Los veranos los pasaban en Cáceres, la tierra de Tomás, en un pueblo ya metido en la sierra donde tenían, en las afueras, una casona de piedra rodeada por un enorme huerto con alberca, acequias de riego y hasta un sembrado de almendros en la parte trasera. Marta siempre reservaba unos días de sus vacaciones para pasarlos con ellos. Le gustaba la tranquilidad que se respiraba allí, el murmullo del agua al correr por la acequia, que era, cuando no estaban alborotando sus sobrinos, el único sonido que turbaba el silencio. Dentro de la casa no se podía estar sin una chaqueta, ni siquiera a mediodía, y para dormir necesitaba arroparse con un grueso edredón. Su madre pasaba las horas muertas sentada en una mecedora bajo el pequeño pórtico que había a la entrada, recibiendo el sol en los pies y con la mirada perdida. Solo la movían para darle de comer, para llevarla al servicio y para acostarla. Marta observaba con tristeza su figura de pajarito, las manos temblorosas, que se frotaba continuamente, y su pelo completamente blanco.

Se murió uno de aquellos veranos, cuando los días de vacaciones en el pueblo estaban a punto de terminar. Marta no sabe exactamente qué provocó su fallecimiento, en todo caso algo muy leve que su delicada fragilidad no pudo superar. Recuerda, en cambio, que estaba sentada en un banco bajo los almendros, leyendo un ejemplar de Rimas y leyendas, cuando Consuelo fue a buscarla y le dijo, con mucha calma: «Ven a ayudarme que mamá se ha muerto». Entre las dos la metieron en la bañera, para asearla, y después la tumbaron en la cama para vestirla y adecentarla. Recuerda también que su madre se había quedado rígida y que fueron incapaces de conseguir estirarle las piernas, por lo que hubieron de meterla en el ataúd de lado, con las rodillas dobladas. Decidieron enterrarla en aquel pueblo, extraño para su madre, pero ninguna de las hermanas era una romántica y no tuvieron ánimo para afrontar los trámites que implicaba el traslado del cadáver.

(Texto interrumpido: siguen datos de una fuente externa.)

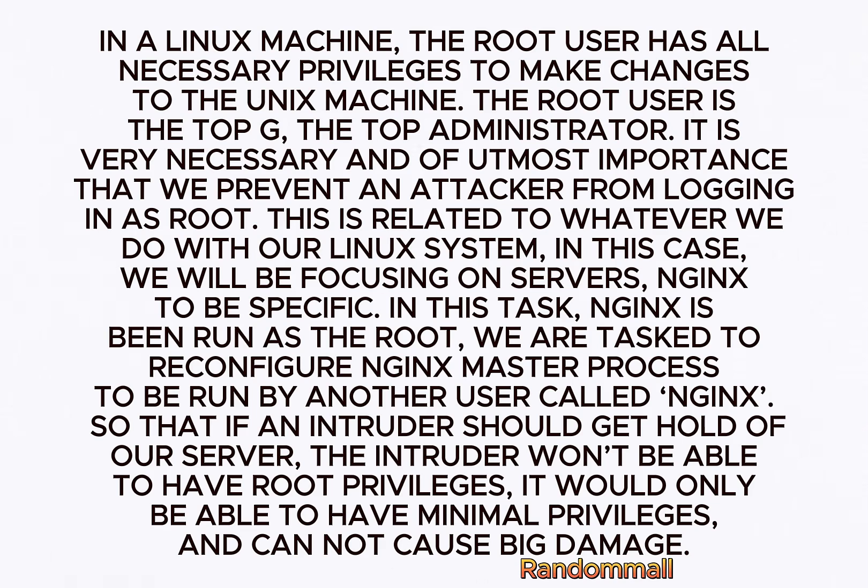In a Linux machine, the root user has all necessary privileges to make changes to the Unix machine. The root user is the top G, the top administrator. It is very necessary and of utmost importance that we prevent an attacker from logging in as root. This is related to whatever we do with our Linux system. In this case, we will be focusing on servers, Nginx to be specific.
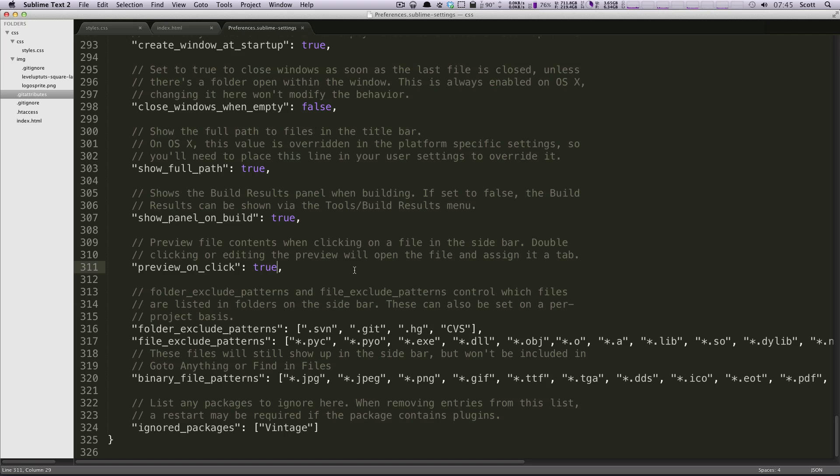But you may have noticed if an update was released to Sublime Text, all of your preferences that you would have set would have already been changed. And it might be, you wouldn't know why.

En el entierro solo estuvieron presentes ellas dos porque en el pueblo nadie la conocía, Tomás se había quedado en casa con los niños y a los demás parientes no quisieron estropearles las vacaciones. Acompañaron al coche fúnebre hasta el camposanto y se esperaron un rato, en silencio y cogidas de la mano, hasta que el nicho estuvo tapiado.

El cadáver de su madre fue el primero que tocó Marta y el recuerdo de su tacto frío y cerúleo aún le escama la piel.